KIBRIS SORUNUNUN TOPRAK MÜZAKERELERİNE BENZER BİR KISIR
DÖNGÜ…
Türkiye, Kıbrıslı Türkler olmadan Kıbrıs Cumhuriyeti’ni
tanımıyor, görüşmeyi de kabul etmez. Fransa mahkemesi ne yapabilir? Kıbrıs
sorunu çözülsün kararı mı alacak? Biz Türkiye’nin Kıbrıs Cumhuriyeti’ne ait
bölgede sondaj yaptığını söylüyoruz ancak bölge uluslararasında tescil edilmiş
değil. Deniz Hukuku tahtında Türkiye, tartışmalı olan bir bölgede sondaj
yapıyor. Gerek ABD’nin gerek İngiltere’nin açıklamalarında ısrarla, ‘claimed
areas’ (tartışmalı bölgeler) deniliyor ancak Kıbrıs Cumhuriyeti, bu
kendiliğinden anlaşılır şeyi söylediği için İngiltere’ye saldırmayı seçti.

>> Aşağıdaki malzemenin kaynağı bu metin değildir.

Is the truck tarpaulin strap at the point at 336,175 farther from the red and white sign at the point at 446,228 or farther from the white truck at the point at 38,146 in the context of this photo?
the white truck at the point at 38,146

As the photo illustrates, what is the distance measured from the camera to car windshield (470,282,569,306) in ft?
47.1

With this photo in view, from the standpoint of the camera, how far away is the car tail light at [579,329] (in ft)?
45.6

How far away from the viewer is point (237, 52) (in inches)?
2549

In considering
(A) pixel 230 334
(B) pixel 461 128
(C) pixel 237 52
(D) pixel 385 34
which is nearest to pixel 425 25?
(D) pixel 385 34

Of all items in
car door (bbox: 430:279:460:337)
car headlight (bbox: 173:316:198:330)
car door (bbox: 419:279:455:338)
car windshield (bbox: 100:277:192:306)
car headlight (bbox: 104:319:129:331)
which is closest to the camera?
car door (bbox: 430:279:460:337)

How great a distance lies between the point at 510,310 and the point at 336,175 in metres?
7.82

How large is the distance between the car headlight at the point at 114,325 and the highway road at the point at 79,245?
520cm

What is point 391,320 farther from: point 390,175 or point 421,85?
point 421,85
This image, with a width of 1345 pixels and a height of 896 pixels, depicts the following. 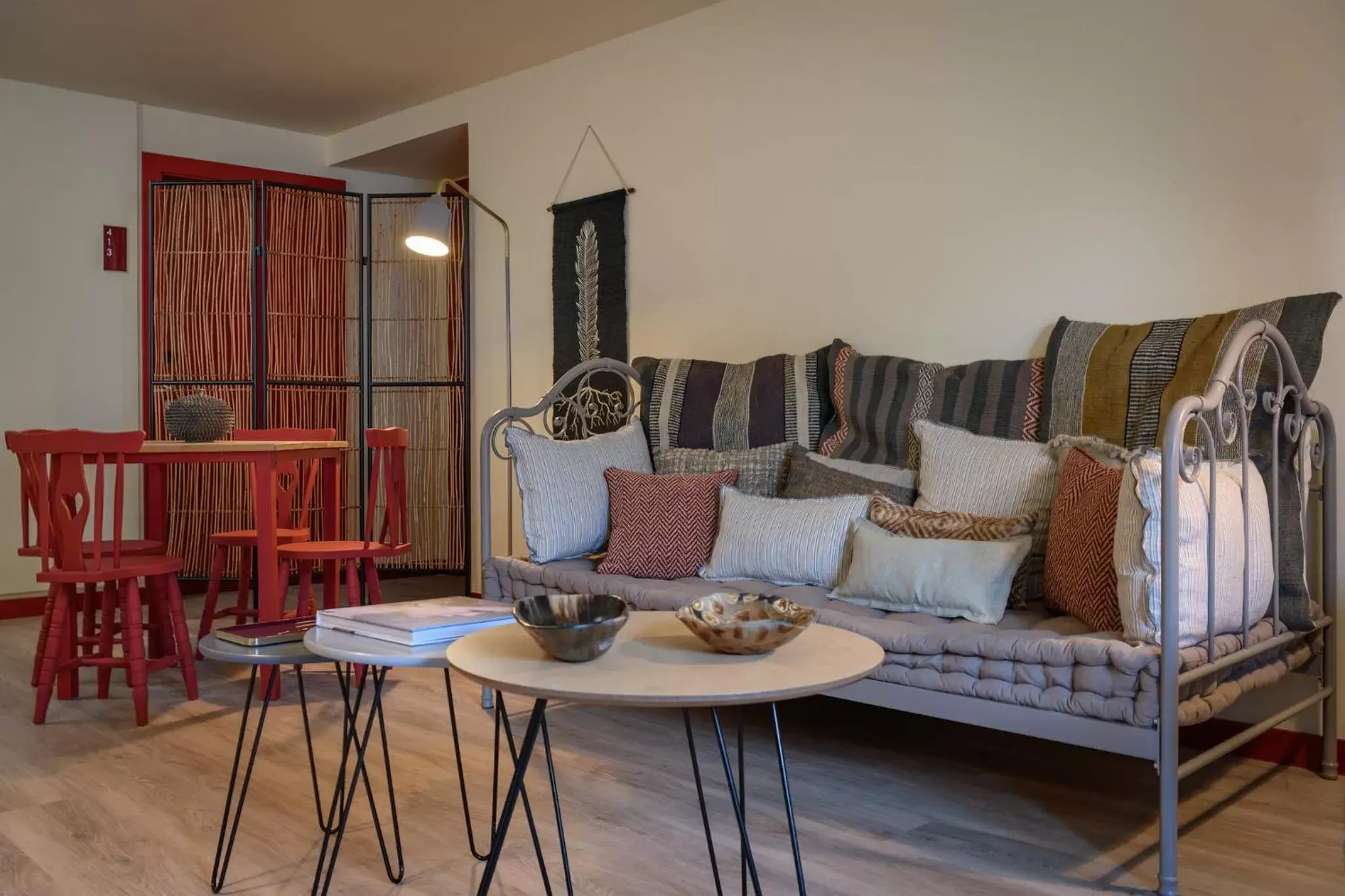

Bu anlatılanlar, trajik bir ironi ile 1974 ve sonrasında
Kıbrıs sorunundaki toprak ile ilgili görüşmelere benziyor. Şikayetlerle,
kararlarla ve hareketlerle aniden yeni bir kısır döngüye girdik. Kıbrıs MEB’indeki bugünkü kriz maalesef,
Kıbrıs’ın oyunu Türkiye’nin seçtiği sahada oynamaya sürüklendiği, yeni sonu
gelmez tartışmalara doğru gidiyor.”
FATİH’E, SONDAJ İÇİN
GEREKLİ MALZEMELER OLAN ÇİMENTO VE ÇAMUR
Fileleftheros ise; “Sondaj Matkabı Deniz Tabanında… Sondaj
İçin Kullanılan Malzemeler, Çimento ve Çamur Fatih’e… Tedbir Alınması İçin
Avrupa Birliği’nde Diplomatik Savaş” başlık ve spotlarıyla manşete çektiği
haberinde Rum Yönetimi’nin elinde, Fatih’in sondaja başladığını gösteren ciddi
göstergeler bulunduğunu yazdı.
Rum Yönetimi’nin elindeki göstergelerin, Türk gemilerinin
Fatih’e çimento ve çamur taşımasıyla alakalı olduğunu, bu malzemelerin sondaj
için kullanıldığını yazan gazete hem bu olgunun hem de Yavuz sondaj gemisinin
temmuz ayında Karpaz körfezine gelecek olmasının “Türk projelerinin uygulama
aşamasında olmakla kalmayıp sona kadar gideceğini de gösterdiğini” yazdı.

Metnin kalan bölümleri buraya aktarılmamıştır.